Pitcairn v. Vowell

Decision Date01 May 1991
Docket NumberNo. 90-2743,90-2743
Citation16 Fla. L. Weekly 1213,580 So.2d 219
CourtFlorida District Court of Appeals
PartiesDwight PITCAIRN, Petitioner, v. Francine VOWELL, Respondent. 580 So.2d 219, 16 Fla. L. Week. 1213

George E. Schulz, Jr., and Susan L. Turner of Holland & Knight, Jacksonville, for petitioner.

F. Emory Springfield of Springfield & Gunson, P.A., Gainesville, for respondent.

PER CURIAM.

This is an original proceeding by petition for writ of certiorari to review a circuit court order requiring the petitioner, as the alleged father, to submit to the drawing of blood samples for genetic tissue typing, and other scientific examinations for the purpose of determining his paternity of the respondent's child.

The order under review arose in a civil proceeding initiated by the respondent mother pursuant to chapter 742, Florida Statutes (1989), to establish that petitioner is the father of her child. The complaint alleges that she and petitioner engaged in sexual relations during the three-month period "between March 1988 and May 1988" and that as a result, respondent delivered a child, "born out of wedlock on January 9, 1989." Contending that petitioner is the natural father of the child, respondent seeks child support, hospital and medical expenses incurred for the benefit of the child since birth, insurance to secure payment thereof, and attorney's fees and costs of this suit. Petitioner answered, generally denying the allegations of the complaint, and asserted two affirmative defenses, alleging (1) that "[t]he child was born in wedlock and a presumption exists that the husband of Plaintiff is the biological father of the child" and (2) that respondent had sexual relations with men other than petitioner and one of them fathered the child. In reply, respondent mother alleged having sexual relations with no one other than petitioner "during the time of conception of the child." The child was over 15 months old when the suit was filed. Respondent's husband is not a party to this proceeding.

The circuit court granted respondent's motion to require petitioner to submit to a human leukocyte antigen (HLA) bloodtest or other scientific tests to determine paternity.

Seeking review of this order by certiorari, petitioner argues that it departs from the essential requirements of the law because the order fails to give effect to the presumption of legitimacy of the child's birth by operation of law because of the mother's marriage, fails to require respondent to demonstrate that she and her husband are not estopped from declaring the child illegitimate, and fails to require respondent to rebut the presumption of legitimacy by evidence other than a blood test of petitioner. Since petitioner is relying on the presumption of legitimacy in these proceedings, he contends that respondent has the burden of disproving the child's presumed legitimacy. Petitioner further contends that a blood test of petitioner is inadmissible to rebut that presumption, due to his rights to rely on the legitimacy presumption and to preserve his right to privacy. If required to comply with the order, petitioner argues that he will suffer irreparable injury because the burden of proof in this proceeding will be improperly shifted to him, the results of the blood test may make it statistically impossible for him to disprove respondent's allegations of paternity, and his right to privacy will be irretrievably violated. Also, he argues, respondent failed to demonstrate "good cause" for the examination and intrusion into his privacy.

Respondent contends that the order does not depart from the essential requirements of the law, because there is no clearly established principle of law that requires a mother to disprove her husband is the father of her child born during marriage in order to discover a putative father's blood sample, and that petitioner cites no authority for that purported essential requirement of law.
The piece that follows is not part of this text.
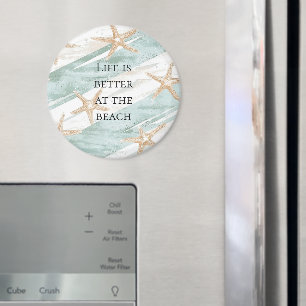 Strand Aqua Mint Starfish Stripes Magneet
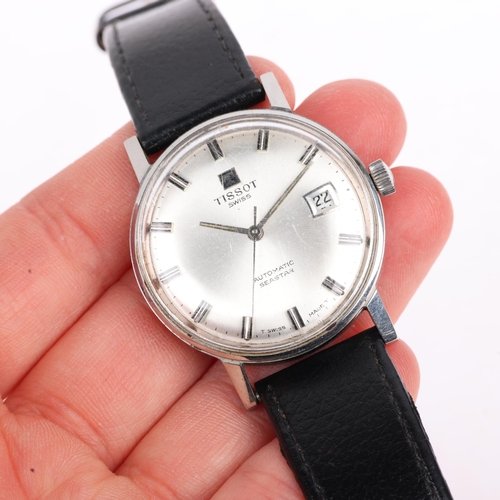 1011 - TISSOT - a stainless steel Seastar automatic calendar wristwatch, ref. 43520, silvered dial with app...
She argues that petitioner's "suggested" essential requirement of law would require every married female plaintiff in a paternity action to involve her husband in the litigation as a party or a witness, regardless of whether she in good faith believed that the husband was the father. Also, she says, petitioner's position, which requires respondent to overcome a presumption that was created to protect the welfare of the child, employs the presumption in a manner that frustrates and prevents the natural mother's efforts to protect her child. Additionally, respondent argues that petitioner fails to show any irreparable or substantial harm resulting from the lower court's order, for the shifting of the burden of proof to him is not "harm" in the sense that he will be unjustly penalized. If the results of the blood tests reveal that petitioner is the father, they raise only a rebuttable presumption that he may attack. Also, she contends, the lower court's order would not violate petitioner's privacy right because he waived any privacy right he had in this matter when he chose to engage in sexual relations with respondent, and the information sought is a highly relevant piece of information from a party with whom respondent engaged in sexual relations.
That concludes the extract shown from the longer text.